Os pacientes foram denunciados pelo Ministério Público do Estado do Rio de Janeiro (MPRJ) pela suposta prática do crime de aborto com o consentimento da gestante e formação de quadrilha.  Presos em flagrante, o juízo de primeiro grau deferiu a liberdade provisória aos acusados.

O MPRJ recorreu ao Tribunal de Justiça do Estado do Rio de Janeiro, que decretou a prisão preventiva dos acusados, mantida pelo Superior Tribunal de Justiça. A defesa impetrou habeas corpus no Supremo Tribunal Federal, em 2014, com relatoria do Ministro Marco Aurélio. O ministro deferiu cautelar para revogar a prisão, posteriormente estendida aos demais corréus.

Em agosto de 2015, com os funcionários já soltos, o ministro Luís Roberto Barroso pediu vista do processo. Na última terça-feira (29), apresentou seu voto-vista no sentido do não conhecimento do HC, por se tratar de substitutivo de recurso, mas pela concessão da ordem de ofício, estendendo-a aos corréus, dada a relevância e delicadeza da matéria.

Conforme voto vencedor do, os requisitos para autorizar a prisão cautelar não se sustentam, uma vez que “os acusados são primários e com bons antecedentes, têm trabalho e residência fixa, têm comparecido aos atos de instrução e cumprirão pena em regime aberto, na hipótese de condenação”.

Em seu voto, o ministro ainda tratou especificamente da criminalização do aborto, dizendo que ela é incompatível com os direitos sexuais e reprodutivos da mulher, com sua autonomia, com a integridade física e psíquica da gestante, e com a igualdade de gênero.

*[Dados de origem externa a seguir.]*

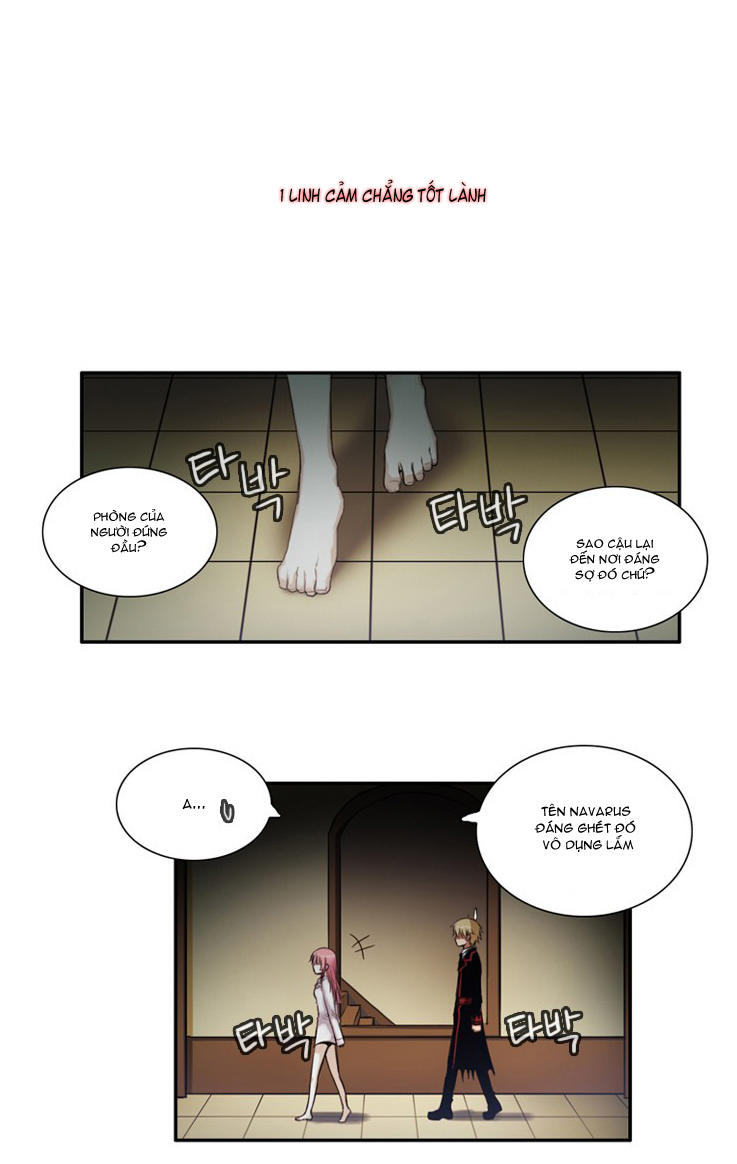 Crepuscule (Yamchi) Chapter 17 - Trang 2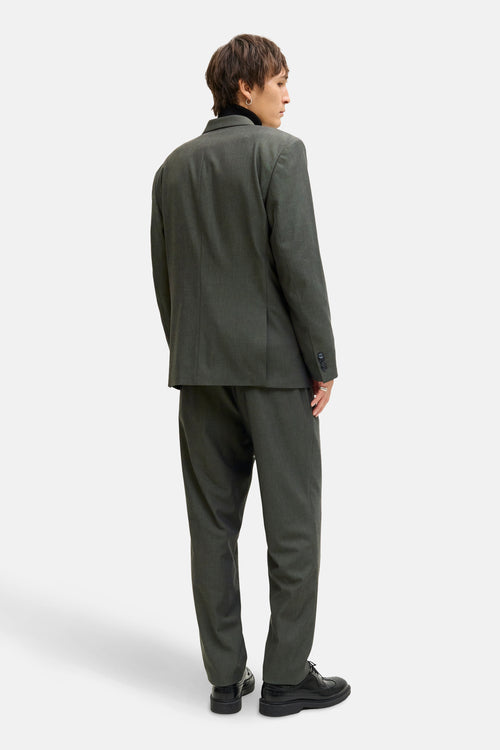 Pantalon de costume - vert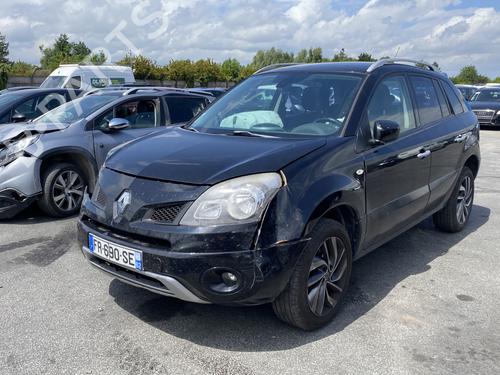 Brugte RENAULT KOLEOS I (HY_) 2.0 dCi (HY0K) (150 hp) 3935866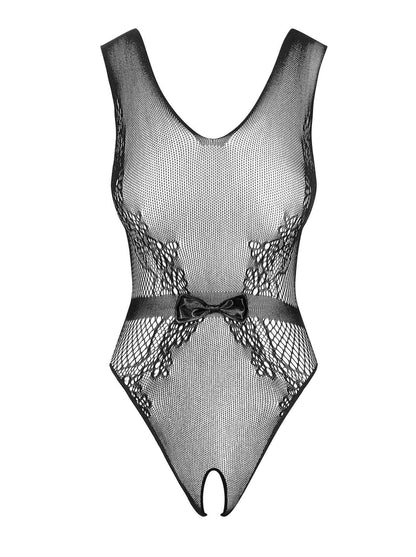 6-Wycięte krocze sex body erotyczne obsessive s/m/l-6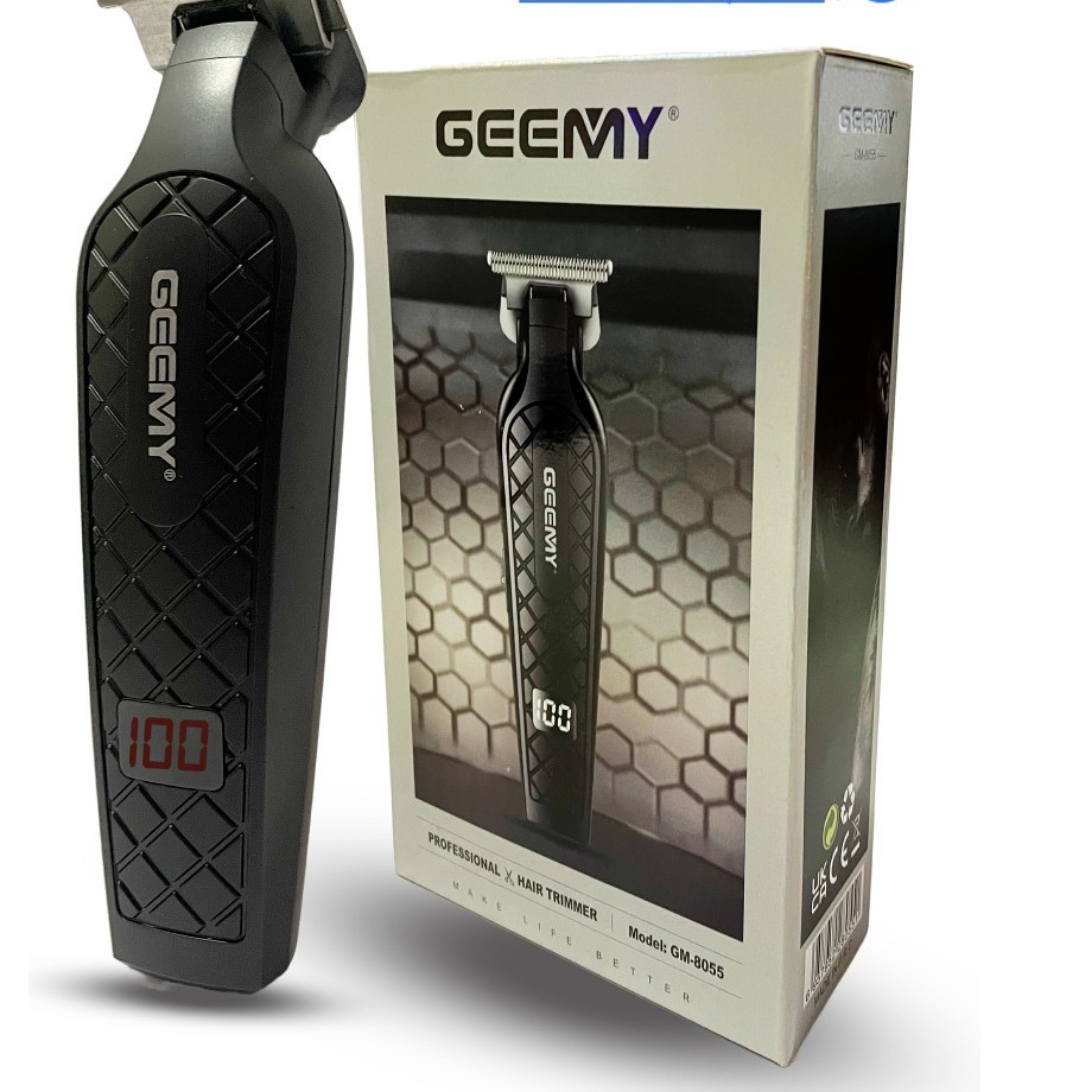 ماشین اصلاح موی سر و صورت جیمی مدل GM-8055 ماشین اصلاح موی سر و صورت جیمی مدل GM-8055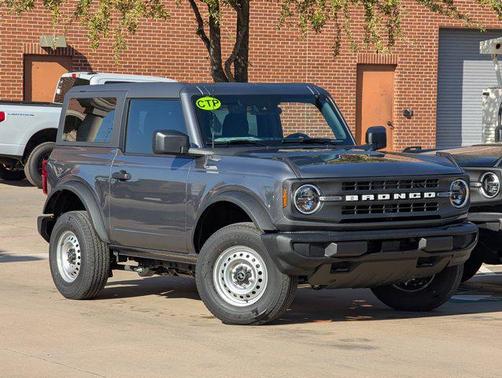 2025 Ford Bronco Base 2 Door 4x4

Ressaltou ainda o impacto da criminalização sobre as mulheres pobres, que não têm recursos para realizar o procedimento de maneira segura.

Por fim, Luís Roberto Barroso frisou que “nenhum país democrático e desenvolvido do mundo trata a interrupção da gestação durante o primeiro trimestre como crime, aí incluídos Estados Unidos, Alemanha, Reino Unido, Canadá, França, Itália, Espanha, Portugal, Holanda e Austrália”.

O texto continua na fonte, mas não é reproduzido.